RFC-0001: Declarative fleet topology (fleet.nix)
Status. Accepted.
Scope. Schema and evaluation contract for the fleet flake output. Does not cover reconciliation semantics (RFC-0002) or activation (RFC-0003).
1. Motivation
Every seam in nixfleet today routes around a missing object: “the fleet as declared”. The control plane has desired state in SQLite; the CLI has flags; the operator has intent in their head. None of these are git-tracked, reviewable, or composable. Before any of the downstream spine work can land, we need one thing: a pure, evaluable Nix value representing the fleet. Everything downstream consumes it.
Design goals, in order:
- Pure.
nix eval .#fleetreturns the full value with no IO, no network, no control-plane call. - Self-contained. No cross-referencing outside the flake - hosts, tags, policies all resolved at eval time.
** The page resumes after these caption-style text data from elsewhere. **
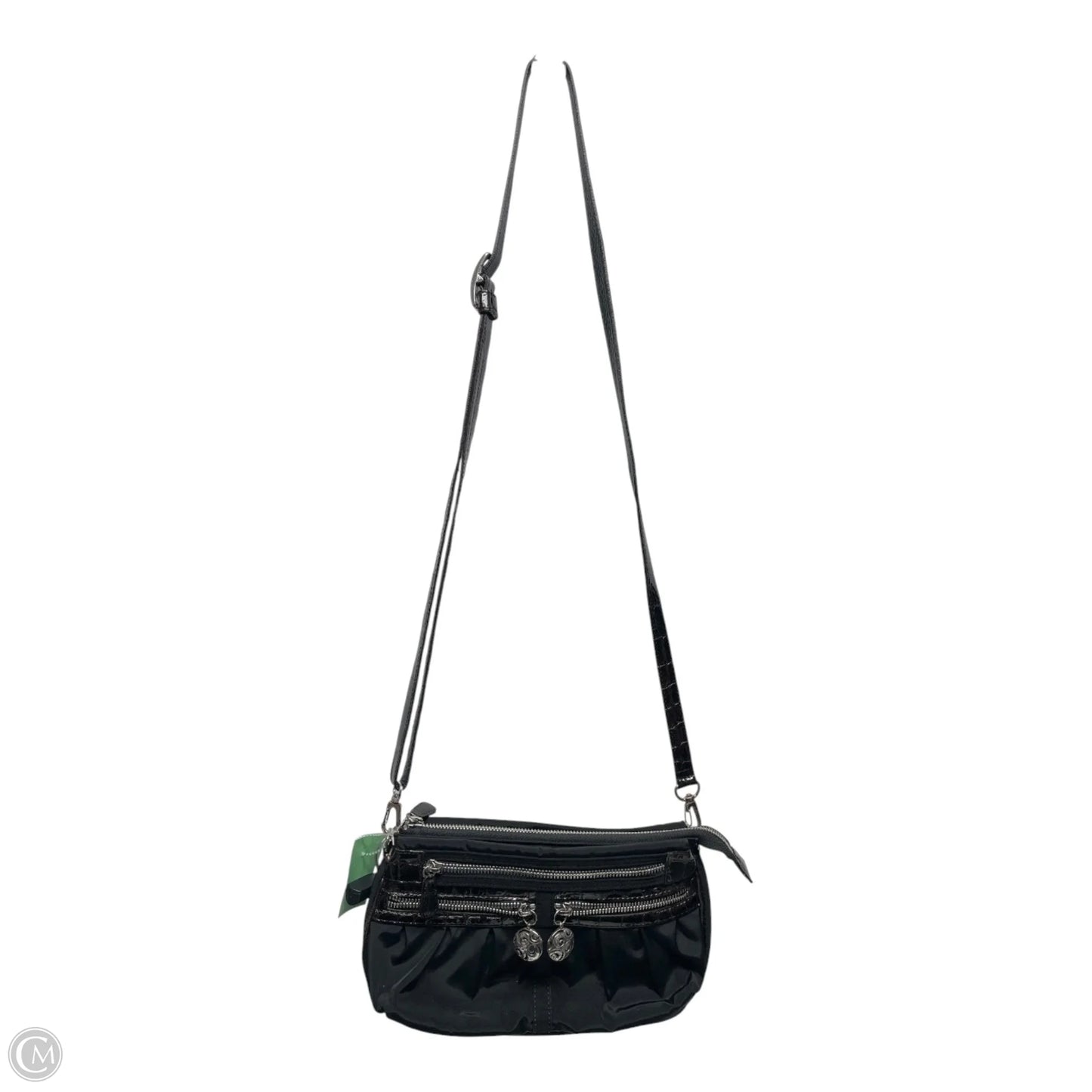Clutch By Brighton, Size: Medium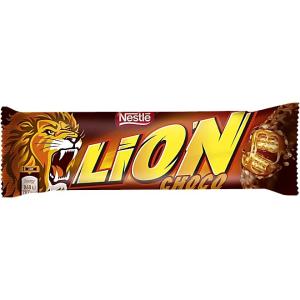 Lion Choco 42g 24-p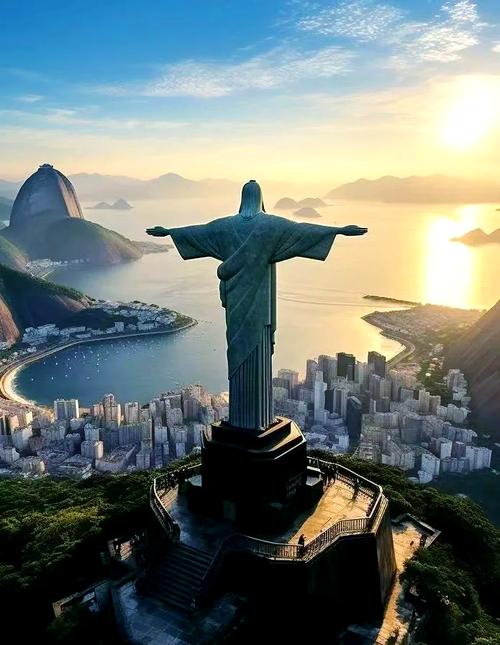 去巴西旅游靠谱吗?巴西的旅游资源、安全状况及注意事项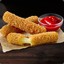 Mozzarella Dippers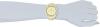 Đồng hồ XOXO Women's XO5475 Rhinestone-Accented Gold-Tone Bracelet Watch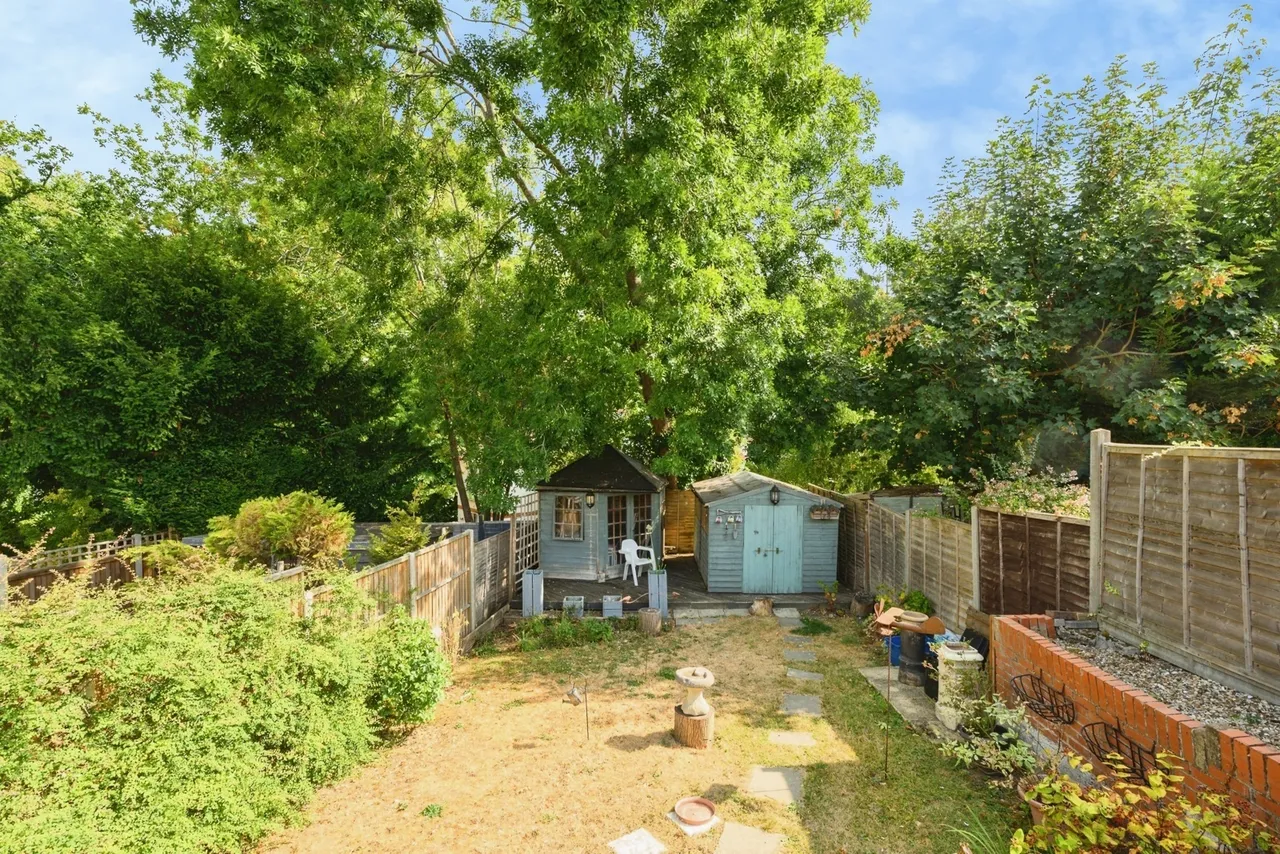 Roke Road, Kenley, Surrey, CR8, photo 13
- Typed. Module system with option types; misuse fails at
nix flake check. - Composable. A
fleetis a value; multiple flakes can merge fleets (for org-wide super-fleets). - Minimal. Schema covers what’s needed for RFC-0002 / RFC-0003 / RFC-0004; resists feature creep.
2. Schema
# flake.nix
outputs = { self, nixpkgs, nixfleet, ... }: {
fleet = nixfleet.lib.mkFleet {
# ------------------------------------------------------------
# 2.1 Hosts - the atomic unit.
# ------------------------------------------------------------
hosts.attic-01 = {
system = "x86_64-linux";
configuration = self.nixosConfigurations.attic-01;
tags = [ "homelab" "always-on" "eu-fr" "server" ];
channel = "stable";
};
hosts.rpi-sensor-01 = {
system = "aarch64-linux";
configuration = self.nixosConfigurations.rpi-sensor-01;
tags = [ "edge" "eu-fr" ];
channel = "edge-slow";
};
# ------------------------------------------------------------
# 2.2 Tags - logical groupings, purely descriptive.
# Tags have no hierarchy; use as many as needed per host.
# ------------------------------------------------------------
tags = {
homelab.description = "Manuel's personal fleet.";
"always-on".description = "Expected to be reachable 24/7.";
"eu-fr".description = "Hosted in France; ANSSI policies apply.";
};
# ------------------------------------------------------------
# 2.3 Channels - release trains.
# Pinned to a git ref at reconcile time (see RFC-0003).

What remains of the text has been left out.